And then we seemed to have the wood on them with 4 minutes or so to go and they stepped up and made 3 shots in a row where we choked and missed another 3 or 4 in a row to give them the swing.

They had the momentum from that point.

Our 3 point shooting is sh*thouse and in fact our offensive execution / efficiency through the first 3 games is appalling- and - we're not stopping our opponents putting the ball in the hoop at a nice efficiency

We've got to get it done on the road if we're going to be treated seriously


----------



## narek (Jul 29, 2005)

It has not been a good day or evening for my teams. Sigh.


----------



## SausageKingofChicago (Feb 14, 2005)

Nice to see the Beez with a real solid start to the season

The Heat will need him to be the #2 guy this year


----------



## yodurk (Sep 4, 2002)

Bulls' PG production *sucked* today. That is all.


----------



## truebluefan (May 27, 2002)

SausageKingofChicago said:


> Our 2nd chance points were there but I think I counted 7 missed shots in a row to end the 3rd Quarter.
> 
> And then we seemed to have the wood on them with 4 minutes or so to go and they stepped up and made 3 shots in a row where we choked and missed another 3 or 4 in a row to give them the swing.
> 
> ...


We have not come together as a team imo. Rose is still hurt, at least I hope he is. 

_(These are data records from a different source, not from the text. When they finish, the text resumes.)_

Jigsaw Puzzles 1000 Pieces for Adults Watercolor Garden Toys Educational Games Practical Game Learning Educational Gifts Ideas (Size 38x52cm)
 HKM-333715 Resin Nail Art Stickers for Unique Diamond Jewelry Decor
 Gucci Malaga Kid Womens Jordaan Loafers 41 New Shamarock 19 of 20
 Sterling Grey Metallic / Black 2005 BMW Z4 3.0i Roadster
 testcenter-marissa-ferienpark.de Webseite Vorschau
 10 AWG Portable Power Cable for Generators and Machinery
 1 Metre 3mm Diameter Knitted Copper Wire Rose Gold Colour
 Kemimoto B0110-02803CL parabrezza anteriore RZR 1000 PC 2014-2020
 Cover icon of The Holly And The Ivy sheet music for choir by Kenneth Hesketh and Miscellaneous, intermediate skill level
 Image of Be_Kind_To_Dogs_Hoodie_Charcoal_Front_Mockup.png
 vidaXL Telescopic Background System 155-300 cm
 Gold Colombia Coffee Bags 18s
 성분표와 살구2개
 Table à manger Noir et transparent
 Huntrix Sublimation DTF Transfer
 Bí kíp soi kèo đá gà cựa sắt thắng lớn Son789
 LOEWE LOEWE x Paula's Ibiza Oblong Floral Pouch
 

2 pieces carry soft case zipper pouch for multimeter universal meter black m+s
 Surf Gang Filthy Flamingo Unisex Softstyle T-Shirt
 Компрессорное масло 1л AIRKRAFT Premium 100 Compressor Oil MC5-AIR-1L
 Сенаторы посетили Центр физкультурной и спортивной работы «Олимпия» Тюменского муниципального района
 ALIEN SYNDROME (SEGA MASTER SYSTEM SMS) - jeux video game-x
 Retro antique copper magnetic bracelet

We need a three point shooter and a big man.


----------



## truebluefan (May 27, 2002)

We shot 41%. Guys and gals, that is our average as well through 3 games. That wont get it done. Pure and simple. 

L. Deng 26. Glad to see it. 8 rebounds(team high) 1 assist. 
J. Salmons 17! 7-14! But was 1-5 in 3 pt attempts 4 rebounds, 2 assists *4 steals*. 
B. Miller 11
J. Noah 10, 7 rebounds 1 block

TT 21 minutes 4 pts 6 rebounds, 3 blocks. 1 assist. He took just 4 shot attempts. 


The Heat shot .486%. Now I am no genius, but when the Bulls shoot 41% abd allow 49%, we will lose....	

When the game was on the line, I counted three lay ups missed! Deng, Salmons, and Hinrich.


----------



## Wynn (Jun 3, 2002)

The Bull Will never win another game.


----------



## Wynn (Jun 3, 2002)

Some points:

* This team can't shoot. We get wide open looks within the flow of the offense and miss. Do we have a shooting coach? Why in the world would this team skip the shoot around before the game?

* I REALLY dislike Pargo. He only played 6 minutes, but it felt like a century. The guy is completely useless in every way.

* We're getting dominated in the back-court. Rose, Salmons, and Hinrich are NOT playing to the level of Noah, Deng, Miller, and Thomas. I absolutely did NOT expect to be posting that this season.

* This was a game we should have won. We collapsed in the final minutes and handed this game to the Heat. This was more frustrating than the Celtic loss. This Heat team is NOT better than the Bull.


----------



## thebizkit69u (Feb 12, 2003)

Wynn said:


> Some points:
> 
> * We're getting dominated in the back-court. Rose, Salmons, and Hinrich are NOT playing to the level of Noah, Deng, Miller, and Thomas. I absolutely did NOT expect to be posting that this season.
> 
> * This was a game we should have won. We collapsed in the final minutes and handed this game to the Heat. This was more frustrating than the Celtic loss. This Heat team is NOT better than the Bull.


Well lets not get carried away here ok.

While Joakim's average of 12 and 9 may have you overvaluing what hes doing on the court don't forget that the Bulls bigs are giving up close to 20 ppg to opposing big men and their FG% is much better than what Kirk and Rose are holding their counterparts to. 

While Wade did have 25 points it was Beasley and Haslem who beat the Bulls with BOTH of them posting up double doubles. 19 and 11 for HASLEM thats just un acceptable. 

I called it in the Boston game thread that the Heat game was going to be a close game that would be decided in the last few minutes and possession's. The Heat on paper are not as talented as the Bulls but Erik Spoelstra is a much more superior coach than Del ***** and I said this game will come down to coaching.


----------



## Wynn (Jun 3, 2002)

thebizkit69u said:


> Well lets not get carried away here ok.
> 
> While Joakim's average of 12 and 9 may have you overvaluing what hes doing on the court don't forget that the Bulls bigs are giving up close to 20 ppg to opposing big men and their FG% is much better than what Kirk and Rose are holding their counterparts to.
> 
> ...


Our guards scored 32pts on 14-42 shooting.
Their guards scored 48pts on 16-31 shooting.

I'm not getting carried away. Our guards got their lunch eaten.


----------